Yes, it’s that time of year when ‘new year, new you’ trends everywhere! To be fair, I actually enjoy the resolutions process as it gives me a chance to look back and forward. I think both perspectives are necessary to be happy in the present. However, that’s not the purpose for this particular post.

In a world of selfies, turn your attention to others.

aperture black blur camera
Photo by Pixabay on Pexels.com

This is something I think writers are good at doing. We people-watch for character inspiration – this includes mannerisms, voice, motivation, relationships, and more. It’s really a fascinating process I enjoy! It’s also one that has taught me a lot.

To write a character well, you need to be walking in their shoes. You need to understand their past and future dreams to write them in the present. A bit of the writer goes into each character and, in return, a bit of each character stays with us. This takes you out of your world and puts you in theirs.

Readers get a taste of this too, and studies have shown readers to be more empathetic. No, I don’t have those links so you’ll just have to trust me on that one! 🙂

In the ‘real world’ though, it seems almost every generation is considered the ‘me generation’ until they grow up and pass the judgment onto the next one. However, with social media now we do all share more of our lives with strangers. Whether Instagram, Tumblr, or wherever, we check-in at events, post pictures of our workouts and food, and generally just overshare with too many details. We also whine about the lack of concern by others after we share.

How many posts do you see with variations of these words:

  1. I bet no one will share/ comment;
  2. I’m leaving this group as my posts don’t get a lot of responses;
  3. Am I doing this wrong? Can anyone see my posts?

We want all the attention focused on us.

I’m not saying that’s bad, but it can get out of control. There are also multiple studies show a person’s happiness increases if they step away from social medial (nope, no links for this one either – you’ll just have to research a bit). Even IG has decided we are too fixated on the number of likes others’ pictures receive.

white smartphone
Photo by Cristian Dina on Pexels.com

My New Year’s resolution isn’t a ‘new me’, but a ‘new others’.

I want to shine a light on my friends, my family, and my fellow writers. As part of this, I’ve come up with a few things I’m going to try throughout the year:

  1. I’m going to send a random card to my older relatives (no texts or PM, an actual card through the mail);
  2. I’m going to share/ RT more posts from my friends; and
  3. I’m going to listen when I ask people ‘how are you’.

These aren’t big, earth-shattering changes. They’re actually very small things. However, they take the focus off of me and put it on those I care about instead.

As an author, I’m taking it a step further. I do have guest posts from fellow authors, but I’m also going to start including their books in my newsletter. My January newsletter will be a full showcase of my author friends’ works. It may not gain them a single sale…or it might. Regardless, it’s building bridges between me and others.

The writing community has a frequently used sentiment (and a good one) – other writers are not my competition.

I’d like to suggest this is another lesson from writing that works in the real world. We aren’t competing with our neighbors, celebrities, siblings, or enemies. We all have a path, and we are the best people to walk it. It’s when we compare ourselves to others that we lose sight and stumble.

It’s almost an oxymoron, isn’t it?

My first instructions were to pay attention to others ahead of ourselves. Now, I’m advising that focusing on others can make us stumble.

If you’ve read other blogs here, you know I refer to both writing and martial arts lessons. We’ve talked a bit about the writing so now it’s time to bring in the martial arts…intention.

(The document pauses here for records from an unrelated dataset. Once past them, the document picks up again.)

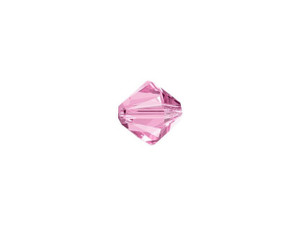 PRESTIGE Crystal Components 5328 6mm Bicone Bead Rose PRESTIGE Crystal Components 5328 6mm Bicone Bead Rose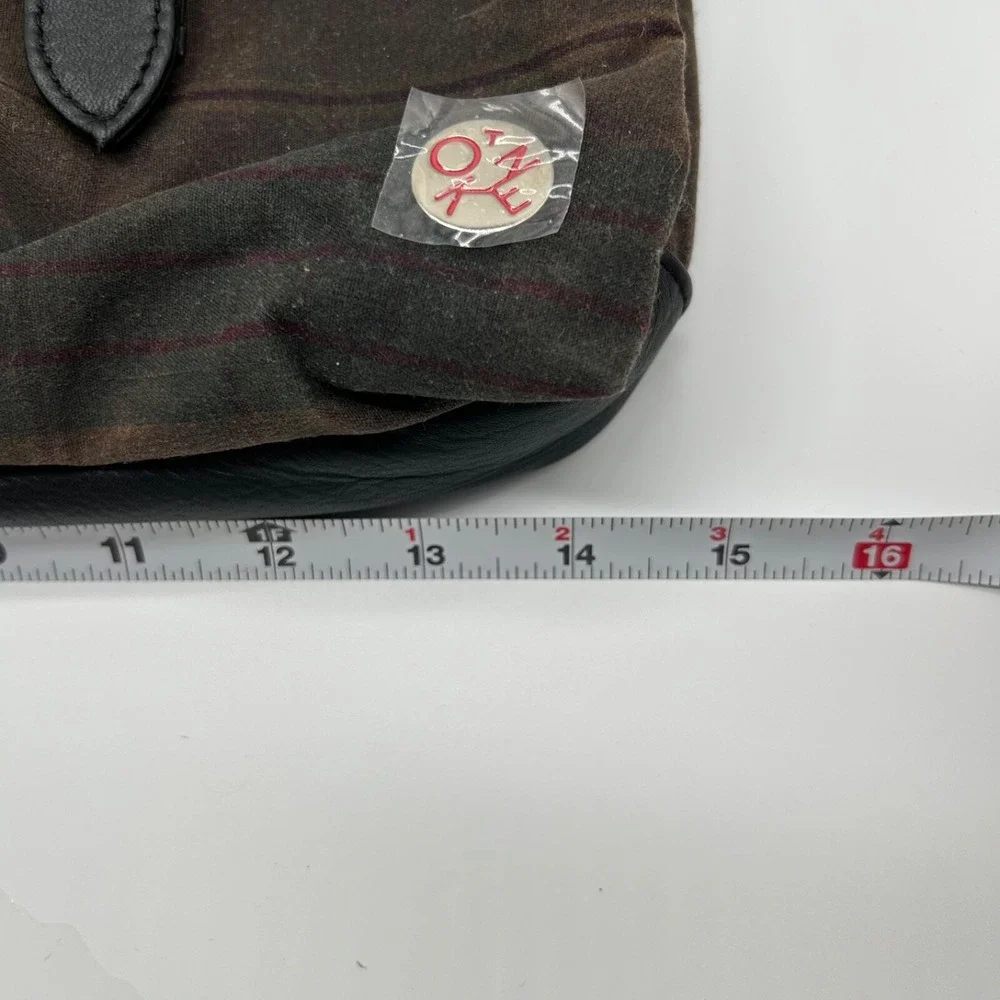 Token Bag Waxed Knickerbocker Plaid Cow Leather Laptop Bag 13
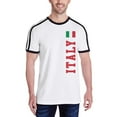thumbnail image 1 of World Cup Italy Mens Soccer Jersey T Shirt White-Black X-LG, 1 of 1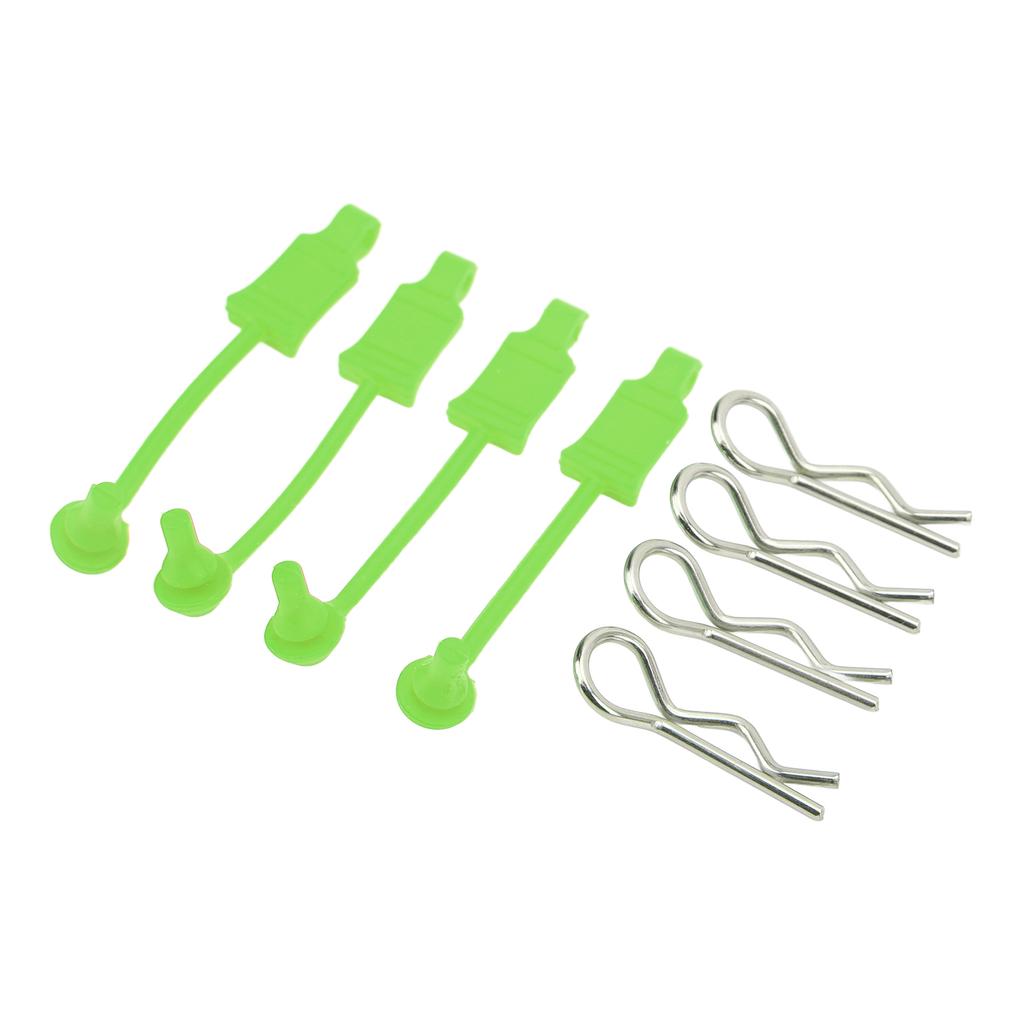 RC Car Body Shell Clip Retainers for Losi Lasernut U4 110 Remote Control Car Upgrade PartGreen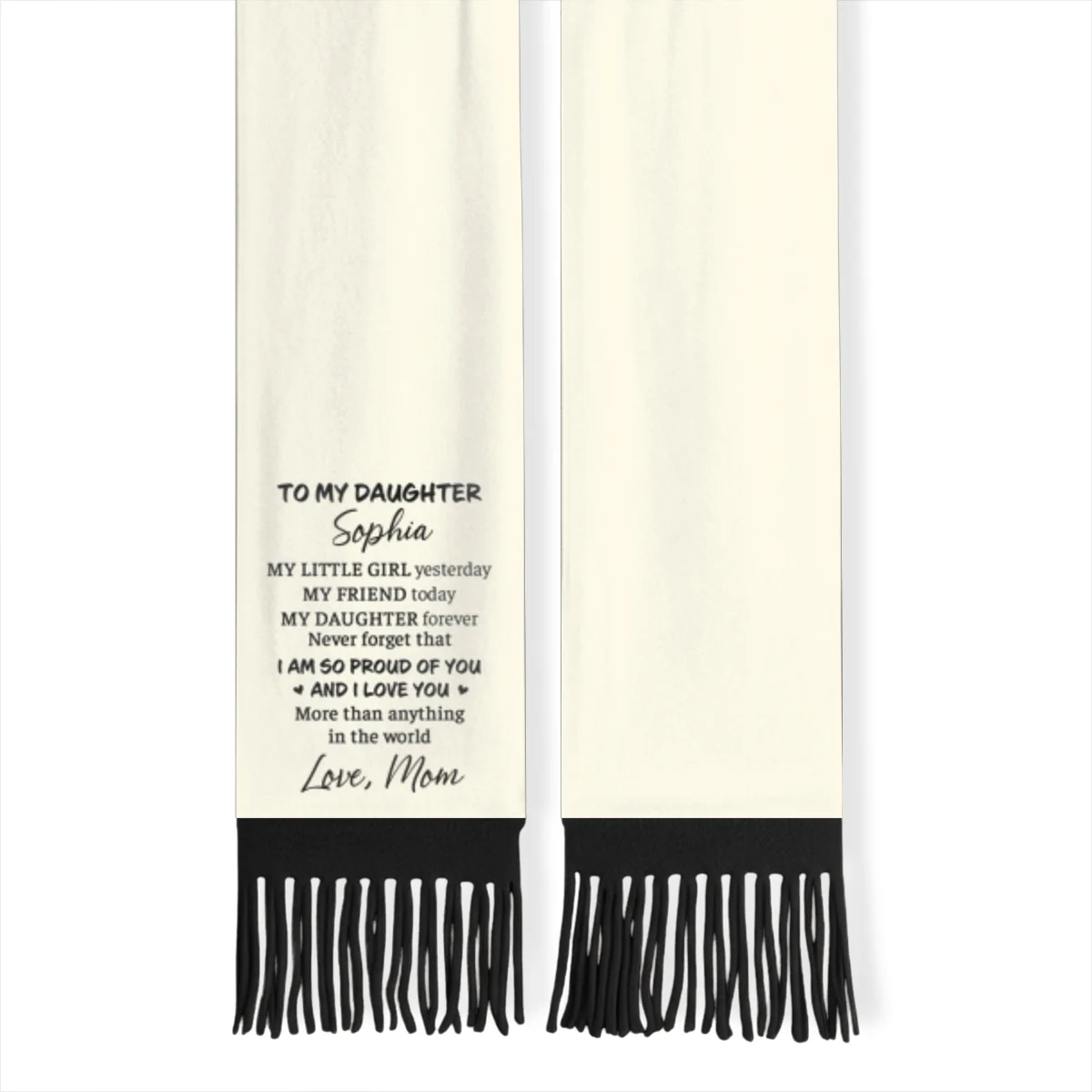 To My Daughter - Personalized Custom Scarf - Image 10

man wearing blue sleeveless top
Photo by Dellon Thomas on Pexels.com

We have an aggressive take-down in aikido called irimi. It means to enter in. We also have kokyuho which is a breath throw. The movements can look quite similar, but it is often the intention that distinguishes them. We use the example of a knife-wielder burglar vs a drunk friend. To save your life, you may need to enter and take an attacker down. When it’s my drunk friend getting rowdy, I like having the option to place them gently on the ground without hurting anyone.

Intention.

When you put the focus on others, do so to help, to support, to love. Do not shine a light on their mistakes, their problems, their stumbles. Do not compete with them.

Compete with yourself – are you a better person today than yesterday? This resolution/ idea would require more than just this short post.

For now, let’s see if we can try the ‘new year, new others’ mentality instead of ‘new year, new you’ one. Have the intention of helping others and then look back and see if it changed you.

It’s your turn! Do you have a new year’s resolution? Do you have any ideas to help us all focus on others? Please don’t be shy – we are all in this together!

Happy New Year, friends! I hope you make it a great one for yourself and your loved ones!